And whilst we both have a wide range of interests, I'd say my curiosity is motivated more by hate than by love and, actually, I think you're mistaken to say it's all good at the end of the day. 
 
As for your "trinity of dialectical virtues" [5] - sincerity, explicitness, and consistency - well, I had to smile as these are possibly the three things I most try to avoid on Torpedo the Ark, where I never mean what I say or say what I mean and couldn't care less about whether my text is haunted by the spectre of logical contradiction [6]: I am Monsieur Teste in reverse! 
 
III. 
 
Two confessions: 
 
Firstly, I haven't read your 2014 book, Object-Oriented Philosophy: The Noumenon's New Clothes, even though I probably should have. For whilst I was never in with the OOO crowd, I did read a good deal of Graham Harman's work and found a lot of it resonated with my own (rather more material and less metaphysical) interest in objects. 
 
It was only when Harman started promoting his version of OOP as a new theory of everything and boasting of how he had become a major influence on individuals in the arts and humanities, "eclipsing the previous influence ... of the prominent French postmodernist thinkers Jacques Derrida and Gilles Deleuze" - and had even "captured the notice of celebrities" - that I grew tired of him and his flat ontology [7]
 
Secondly, I'm not sure your new book is going to feature on my list of Christmas reading either. 
 
That's mainly because as someone who is still very much committed to Nietzsche's reverse anthropocentrism - i.e., his attempt to translate man back into nature and demonstrate how virtue itself is animal in origin - I suspect I'm just the sort of thinker whom you are seeking revenge against in the name of Reason unbound from all such petty naturalism
 
What I am going to do, however, is follow your advice and start by reading your newer blog writings (those classified as Phase 3) and then read one (or more) of your interviews, in the hope that I can better understand what you mean by rationalist inhumanism and Promethean socialism; neither of which I very much like the sound of [8]
 
 
Notes 
 
[1] This line of greeting from Wolfendale - and the photo - are taken from his blog, Deontologistics: click here
      For those readers who might not know, a systematic philosopher - such as Wolfendale - is one who seeks to develop a logically coherent and comprehensive body of knowledge based upon fundamental principles in order to explain the world we live in. To create such a perfect system - or metanarrative - has been the (insanely ambitious and inherently oppressive) dream of thinkers from Plato and Aristotle to Kant and Hegel. 

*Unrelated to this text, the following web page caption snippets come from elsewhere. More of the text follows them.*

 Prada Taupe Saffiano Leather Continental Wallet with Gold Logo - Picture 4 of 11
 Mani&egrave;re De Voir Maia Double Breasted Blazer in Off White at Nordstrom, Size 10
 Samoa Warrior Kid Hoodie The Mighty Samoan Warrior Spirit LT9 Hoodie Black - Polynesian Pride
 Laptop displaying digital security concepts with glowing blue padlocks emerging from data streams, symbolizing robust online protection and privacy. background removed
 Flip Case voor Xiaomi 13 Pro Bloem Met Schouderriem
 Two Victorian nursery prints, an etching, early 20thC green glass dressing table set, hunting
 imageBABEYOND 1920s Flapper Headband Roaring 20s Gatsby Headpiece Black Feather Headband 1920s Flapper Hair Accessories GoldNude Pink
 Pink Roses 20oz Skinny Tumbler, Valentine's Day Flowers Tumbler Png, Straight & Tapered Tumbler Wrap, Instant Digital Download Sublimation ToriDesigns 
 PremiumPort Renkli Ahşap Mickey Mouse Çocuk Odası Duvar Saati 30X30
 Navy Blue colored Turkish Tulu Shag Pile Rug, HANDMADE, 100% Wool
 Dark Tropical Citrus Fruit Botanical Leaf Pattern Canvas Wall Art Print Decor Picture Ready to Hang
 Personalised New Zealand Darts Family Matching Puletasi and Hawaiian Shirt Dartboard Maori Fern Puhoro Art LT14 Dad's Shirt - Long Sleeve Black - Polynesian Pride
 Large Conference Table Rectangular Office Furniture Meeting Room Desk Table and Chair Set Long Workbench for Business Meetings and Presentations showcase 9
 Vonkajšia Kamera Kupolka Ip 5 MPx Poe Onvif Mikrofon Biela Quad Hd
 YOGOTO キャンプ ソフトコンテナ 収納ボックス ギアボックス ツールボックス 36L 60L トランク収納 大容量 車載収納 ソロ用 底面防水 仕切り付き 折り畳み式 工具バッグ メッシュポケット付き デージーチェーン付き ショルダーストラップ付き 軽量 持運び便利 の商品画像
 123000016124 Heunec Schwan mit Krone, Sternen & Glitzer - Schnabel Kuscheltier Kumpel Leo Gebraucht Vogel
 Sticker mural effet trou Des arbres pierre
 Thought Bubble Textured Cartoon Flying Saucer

      As for the term deontologistics, this is a neologism coined by Wolfendale to describe his own research project into the nature and limits of reason and his aim to establish a system of philosophy of the kind described above. 
      In moral philosophy, deontology is the idea that an action should be based solely on whether it is right or wrong according to a set of fixed principles, with no consideration given to the consequences of that action. In other words, it's a form of fundamentalism; insisting that one's duty or obligation is always to uphold the letter of the law and stick to the rules no matter what. 
 
[2] I'm paraphrasing Nietzsche writing in Twilight of the Idols ('Maxims and Arrows', 36), who then goes on to add: "The will to a system is a lack of integrity." See the Hollingdale translation (Penguin Books, 1990), p. 35. 
 
[3] Peter Wolfendale, 'Introduction', Deontologistics: click here
 
[4] See the short biographical note on Wolfendale on the Urbanomic website: click here. He is one of their authors and his debut book, Object-Oriented Philosophy: The Noumenon's New Clothes, was published by Urbanmomic in 2014. His new book, The Revenge of Reason, is forthcoming at the end of this year; a work in which he ponders the fate of Reason in the 21st century and lays out his vision for neo-rationalism as a distinctive philosophical path towards an inhuman destiny. 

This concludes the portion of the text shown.